Re: KOI-8

From: Frank da Cruz (fdc@watsun.cc.columbia.edu)
Date: Mon Sep 02 1996 - 11:53:25 EDT


> Incidentally, I heard that Columbia has joined up and that you are the
> representatitve. Welcome!
>
Thanks. I have been interested in computer character sets ever since I read
Joe Becker's first Scientific American article, which I still regard as one of
the most influential articles ever published in computing -- or if it isn't,
it should be.

As you may know, the Kermit Project has made supporting the widest possible
variety of character sets for data interchange a primary objective since the
mid 1980s, and Kermit software fills a unique "low-tech" niche all over the
world largely for this reason.

Now that we are beginning to see Unicode used in systems like Windows NT, it
is time for Kermit software to start supporting Unicode too. Of course, for
our purposes, Unicode is just "one more character set" (just as POSIX is "one
more UNIX variation" :-) But with a difference, since Unicode will be
enormously useful as an intermediate/internal representation for text, because
most of the world's characters are in it.

As to the Kermit protocol, it sticks firmly to the idea that anything that
goes on the wire must follow ISO or other definitive standards. So when
transferring (say) Portuguese text files from, say, a Macintosh to a PC, the
Mac translates from its own encoding to Latin-1, and the PC translates the
incoming Latin-1 to a PC code page, so the two computers speak ISO 8859-1 to
each other even though neither one uses it internally. This reduces an
"O(n^2)" problem to "O(n)".

But to support non-Western-European languages, we need multiple "transfer
character sets": Latin-2, Latin/Cyrillic, Latin/Hebrew, Japanese EUC (a JIS X
0201 and 0208 combined via ISO 2022), etc. This scheme has worked out quite
well. But when we start adding Vietnamese, Greek, Chinese, Korean, Arabic,
and so on, this approach will become increasingly difficult to manage.

Thus Unicode or some form of ISO 10646 could also easily wind up as our
preferred transfer character set, but for the obvious concerns about
transmission efficiency -- remember Kermit is still the low-tech alternative
to all the hot stuff that most Americans tend to take for granted, and
efficiency is still a concern for many people.

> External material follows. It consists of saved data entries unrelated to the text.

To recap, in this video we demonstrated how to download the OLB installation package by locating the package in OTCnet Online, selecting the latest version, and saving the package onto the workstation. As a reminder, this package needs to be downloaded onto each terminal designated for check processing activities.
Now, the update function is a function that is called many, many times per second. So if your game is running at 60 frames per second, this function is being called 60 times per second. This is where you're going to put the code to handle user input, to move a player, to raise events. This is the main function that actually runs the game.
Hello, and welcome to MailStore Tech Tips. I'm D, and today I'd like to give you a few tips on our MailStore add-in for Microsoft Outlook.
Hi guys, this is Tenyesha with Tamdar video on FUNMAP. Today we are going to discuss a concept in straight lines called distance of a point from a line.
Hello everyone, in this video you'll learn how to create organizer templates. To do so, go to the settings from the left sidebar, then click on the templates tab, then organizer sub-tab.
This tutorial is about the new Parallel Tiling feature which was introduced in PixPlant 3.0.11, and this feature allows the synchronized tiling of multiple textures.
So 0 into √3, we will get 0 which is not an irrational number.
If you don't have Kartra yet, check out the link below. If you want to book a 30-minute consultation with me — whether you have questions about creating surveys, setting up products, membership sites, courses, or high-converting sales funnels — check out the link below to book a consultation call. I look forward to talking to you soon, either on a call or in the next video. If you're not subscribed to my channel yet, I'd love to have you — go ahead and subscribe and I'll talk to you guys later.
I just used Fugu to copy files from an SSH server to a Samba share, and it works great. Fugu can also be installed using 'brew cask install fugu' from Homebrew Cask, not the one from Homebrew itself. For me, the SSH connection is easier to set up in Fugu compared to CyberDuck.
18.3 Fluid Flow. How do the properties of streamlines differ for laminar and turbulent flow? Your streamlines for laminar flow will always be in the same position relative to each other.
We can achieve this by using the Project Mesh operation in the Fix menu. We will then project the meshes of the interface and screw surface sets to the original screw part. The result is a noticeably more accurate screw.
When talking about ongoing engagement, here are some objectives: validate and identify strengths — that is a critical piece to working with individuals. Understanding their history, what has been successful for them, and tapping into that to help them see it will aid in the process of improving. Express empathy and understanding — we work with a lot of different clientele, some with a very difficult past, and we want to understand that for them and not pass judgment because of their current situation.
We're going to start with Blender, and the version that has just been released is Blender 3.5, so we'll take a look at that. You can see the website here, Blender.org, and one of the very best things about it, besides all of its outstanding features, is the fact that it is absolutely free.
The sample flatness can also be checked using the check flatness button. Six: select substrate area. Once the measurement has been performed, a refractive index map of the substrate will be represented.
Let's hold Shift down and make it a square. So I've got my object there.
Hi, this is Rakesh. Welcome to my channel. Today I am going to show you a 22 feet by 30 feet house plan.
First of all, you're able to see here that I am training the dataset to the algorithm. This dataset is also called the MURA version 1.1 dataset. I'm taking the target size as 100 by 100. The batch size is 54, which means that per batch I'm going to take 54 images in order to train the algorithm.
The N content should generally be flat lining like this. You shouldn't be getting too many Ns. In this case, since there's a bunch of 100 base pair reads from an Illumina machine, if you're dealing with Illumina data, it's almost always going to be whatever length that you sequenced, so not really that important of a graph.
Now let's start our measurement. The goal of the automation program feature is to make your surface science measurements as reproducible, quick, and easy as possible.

I've followed the Unicode list with interest since the beginning and made a
couple contributions along the way (you can thank me for U+2028 and 2029 :-).
I'm a bit put off by the tenor of the recent discussion of whether combining
items should precede or follow the base character (a moot point now) because
the only place this would matter is in text-oriented (as opposed to GUI)
applications, and nobody uses text-mode software any more. I'm here to tell
you that's not quite true, yet :-) In addition to the diehard speed-typing
curmudgeons who feel a mouse only slows them down, there are also the many
blind people who use speaking and Braille devices that work only in text mode.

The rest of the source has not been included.